Let’s say the data scientist working with a bank is asked to build this loan default prediction model. He has access to the borrower's data. The data set contains many important information about borrowers such as their employment status, years of employment, annual income, marital status, age, amount of loan taken, whether they have defaulted on their loan, and many other variables. The data scientist’s job in this case would be to analyze this data build a model that could accurately predict the loan default status. Of course, this is past data, and we already have the loan default status in our data set. Let’s say we have 1 million records in our data set. For each of these 1 million records, we have all the personal and professional information about the borrowers and we also have their loan default status. So, we are trying to find the relationship between or the impact of all these variables on this one variable, i.e., their loan default status.
The data scientist can take this entire one million record set and try to fit a predictive model (for example, a regression model) with all the variables as explanatory variables and the loan default status as the response variable (the one that we are trying to predict). Once the model is ready, then it can be used to predict the default in case of a new borrower. We can feed in all the explanatory variables (personal and professional information in our example), and the model will be able to predict the probability of default by that borrower.
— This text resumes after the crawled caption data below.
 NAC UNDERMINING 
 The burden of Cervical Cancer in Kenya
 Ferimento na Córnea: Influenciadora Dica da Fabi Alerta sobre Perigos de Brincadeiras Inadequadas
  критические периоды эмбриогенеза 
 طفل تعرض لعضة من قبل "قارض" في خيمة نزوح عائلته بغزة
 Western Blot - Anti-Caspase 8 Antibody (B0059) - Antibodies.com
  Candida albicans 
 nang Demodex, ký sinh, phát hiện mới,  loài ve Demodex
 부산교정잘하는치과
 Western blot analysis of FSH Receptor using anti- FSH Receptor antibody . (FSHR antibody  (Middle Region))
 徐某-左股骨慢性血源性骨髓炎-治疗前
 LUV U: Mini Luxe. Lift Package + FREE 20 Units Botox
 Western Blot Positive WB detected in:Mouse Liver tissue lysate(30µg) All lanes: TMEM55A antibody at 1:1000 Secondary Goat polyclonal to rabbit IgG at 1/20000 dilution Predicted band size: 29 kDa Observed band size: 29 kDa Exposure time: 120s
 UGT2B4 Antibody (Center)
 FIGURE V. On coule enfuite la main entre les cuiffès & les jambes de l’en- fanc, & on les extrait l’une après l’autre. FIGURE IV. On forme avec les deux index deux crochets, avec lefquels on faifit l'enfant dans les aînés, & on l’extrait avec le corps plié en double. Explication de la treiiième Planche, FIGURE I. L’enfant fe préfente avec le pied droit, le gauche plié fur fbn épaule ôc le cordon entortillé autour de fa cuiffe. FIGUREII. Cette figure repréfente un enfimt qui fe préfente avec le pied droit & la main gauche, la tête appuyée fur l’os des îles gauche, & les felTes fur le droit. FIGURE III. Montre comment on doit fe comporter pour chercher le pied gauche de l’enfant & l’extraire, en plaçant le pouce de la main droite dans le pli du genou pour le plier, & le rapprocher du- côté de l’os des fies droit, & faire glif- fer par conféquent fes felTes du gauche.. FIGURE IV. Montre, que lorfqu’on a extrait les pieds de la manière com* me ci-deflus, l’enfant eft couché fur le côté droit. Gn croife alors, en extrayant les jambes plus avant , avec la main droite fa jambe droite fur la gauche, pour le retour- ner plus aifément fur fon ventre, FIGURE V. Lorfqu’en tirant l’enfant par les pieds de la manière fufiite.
This is how the process works, however, there is one challenge if the entire 1 million record set is used to build/train the model. Once the model is ready, there is no dataset that we can test the model on before applying it on real-life future borrowers. To solve this problem, the data scientists don’t usually use the entire available dataset to train and build the model. Instead they divide the dataset into two sets: 1) Training set and 2) Testing set.
Once the data scientist has two data sets, they will use the training set to build and train the model. Once the model is ready, they will test it on the testing set for accuracy and how well it performs. The objective is to have the model perform on any data with the highest accuracy. Only when the model has been trained well and tested thoroughly, it is used for actual prediction applications.
There are various methods that can be used to split the data into training and testing sets. Generally, the records will be assigned to training and testing sets randomly so that both sets resemble in their properties as much as possible. Split sizes can also differ based on scenario: it could be 50:50, 60:40, or 2/3rd and 1/3rd. While there are many empirical studies and papers on the best way to split data, 80/20 or 70/30 split are widely used. Rule of thumb is that: the more training data you have, the better your model will be. Another good technique is cross-validation. In cross-validation, you split your data into n bins. You then do leave-one-out training. You train on all the data bins except for 1, and use this remaining bin to test. Repeat this procedure n times and take the average of your accuracies.